• Exercise description:
When copying the listing below, skip every picture and keep each word as it stands.

• Provided material:
*** Block opens ***

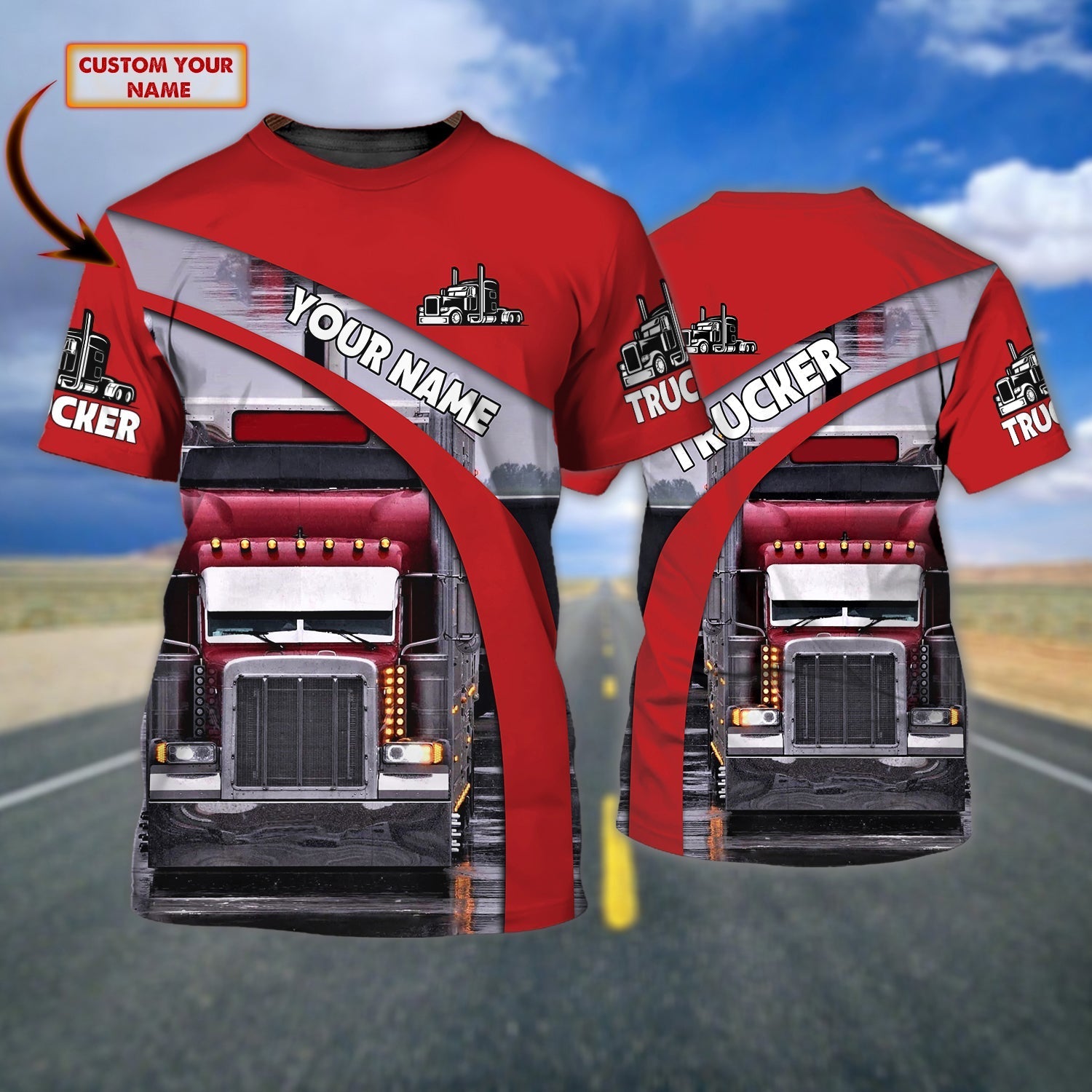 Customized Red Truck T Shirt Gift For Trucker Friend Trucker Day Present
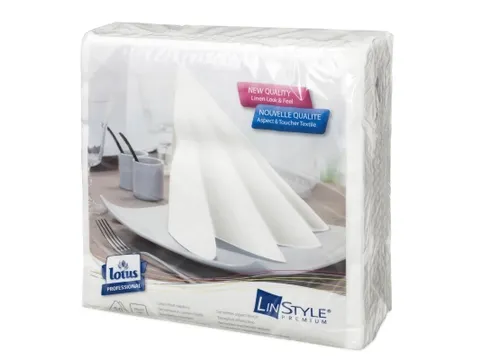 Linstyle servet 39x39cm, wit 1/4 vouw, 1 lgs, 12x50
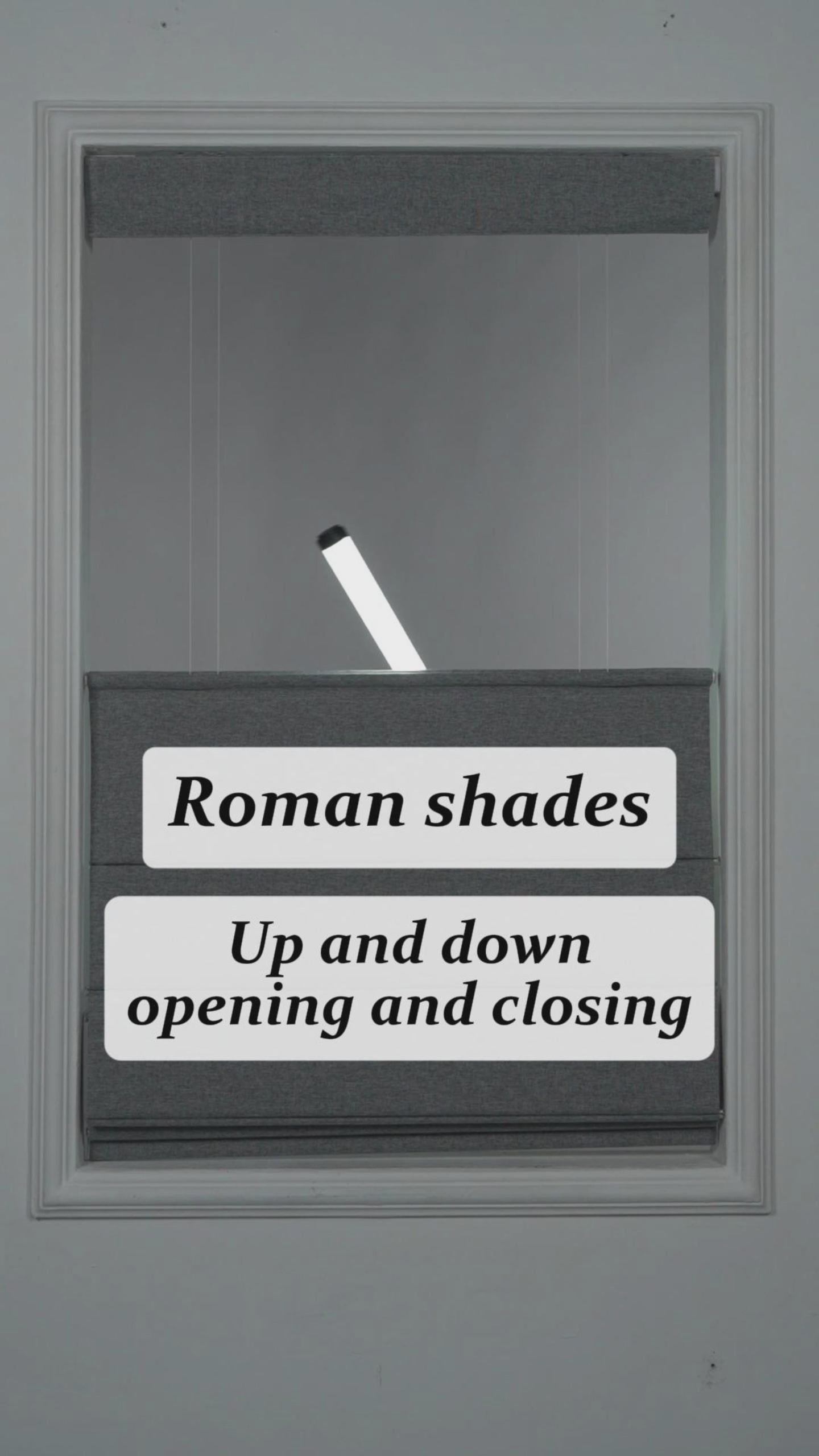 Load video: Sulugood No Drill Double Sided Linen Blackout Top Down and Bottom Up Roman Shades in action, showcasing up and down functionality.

*** Block closes ***

• Response to the exercise:
 Customized Red Truck T Shirt Gift For Trucker Friend Trucker Day Present
 Linstyle servet 39x39cm, wit 1/4 vouw, 1 lgs, 12x50
 Load video: Sulugood No Drill Double Sided Linen Blackout Top Down and Bottom Up Roman Shades in action, showcasing up and down functionality.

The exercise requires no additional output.